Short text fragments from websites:
---+---
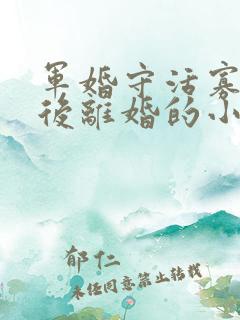 军婚守活寡重生后离婚的小说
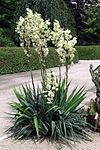 Yucca flaccida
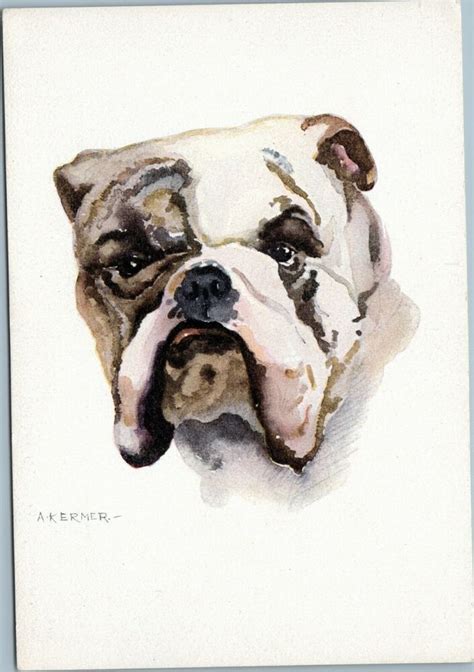 Pin On Mostly Vintage Bulldog Pictures And Postcards 4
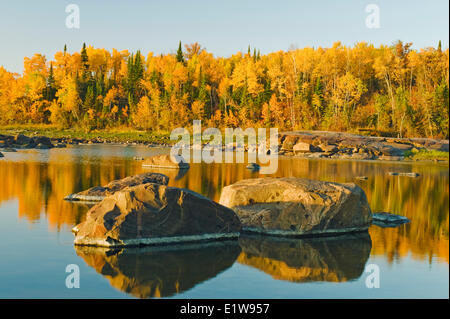 Roche du Bouclier précambrien, le long de la rivière Winnipeg aux couleurs de l'automne en arrière-plan, près de sept Sœurs, Manitoba, Canada Banque D'Images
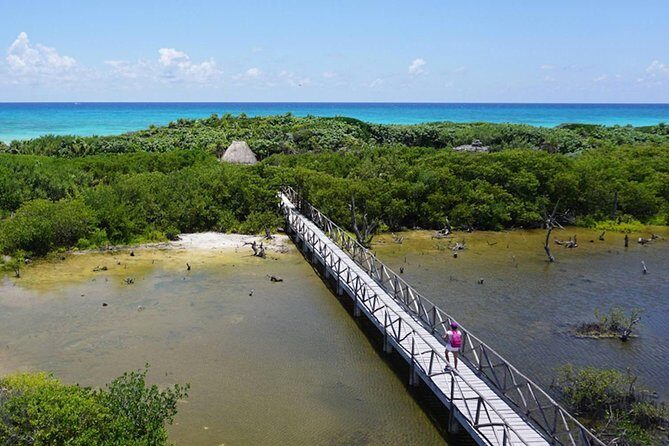 Private cozumel full day adventure - The Sum Up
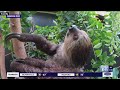 Berry the two-toed sloth seen hanging around the Oregon Zoo’s rainforest habitat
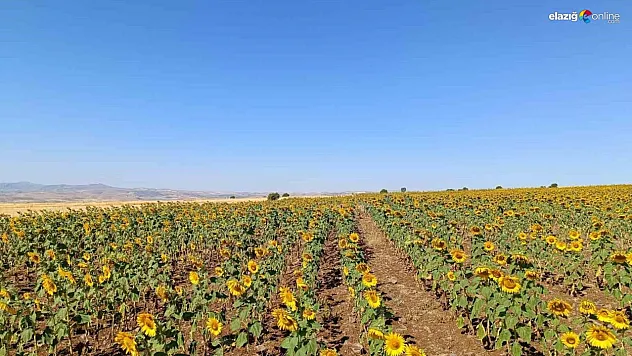 Çemişgezekli çiftçi, ilçede ilk kez yağlık ayçiçeği üretimi yaptı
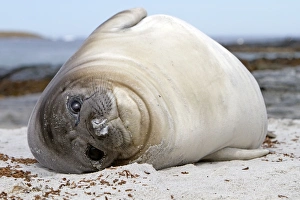Seals Collection: Picture No. 10892054
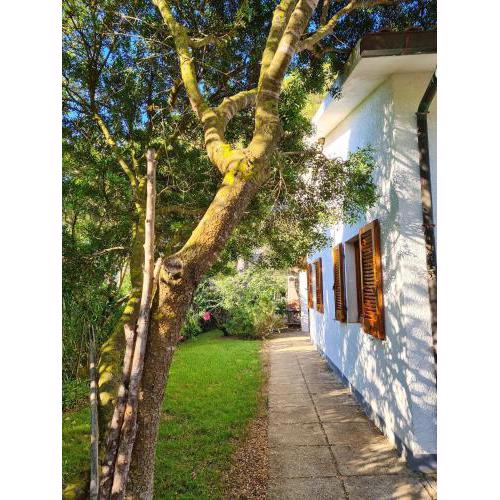 3 bedrooms house at Lacona 100 m away from the beach with enclosed garden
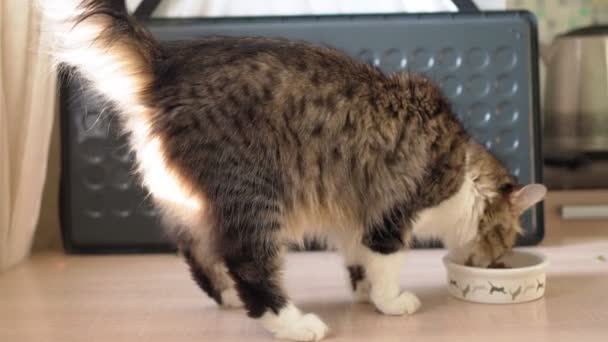 Красивая домашняя кошка ест из миски — стоковое видео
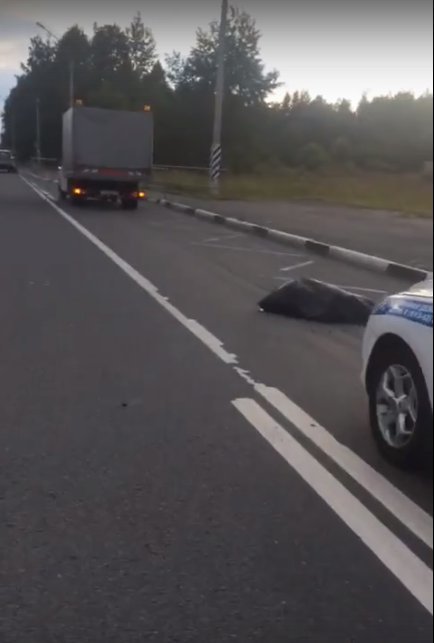 Кадр из видео УГИБДД по Санкт-Петербургу и Ленинградской области
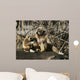 Tamarin Affen 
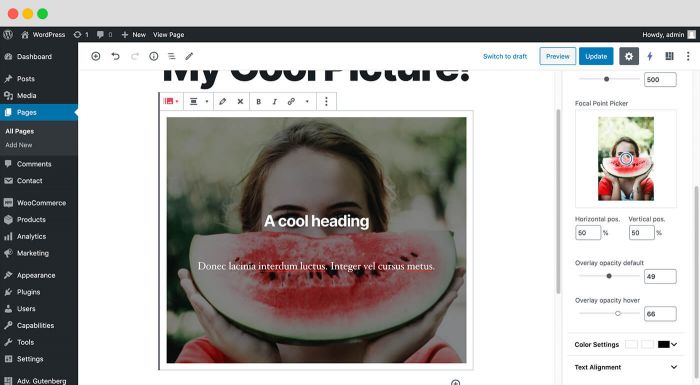 Login & Register Gutenberg Block: This block allows you to load a WordPress login or registration form inside Gutenberg.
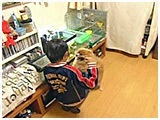 みう きょうのわんこ 写真4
---+---
▸ YOUR GOAL: Once the line holding "Login & Register" is found, set down that line and every line after it, exactly, through the last line of the records above, omitting pictures.

▸ ANSWER:
 Login & Register Gutenberg Block: This block allows you to load a WordPress login or registration form inside Gutenberg.
 みう きょうのわんこ 写真4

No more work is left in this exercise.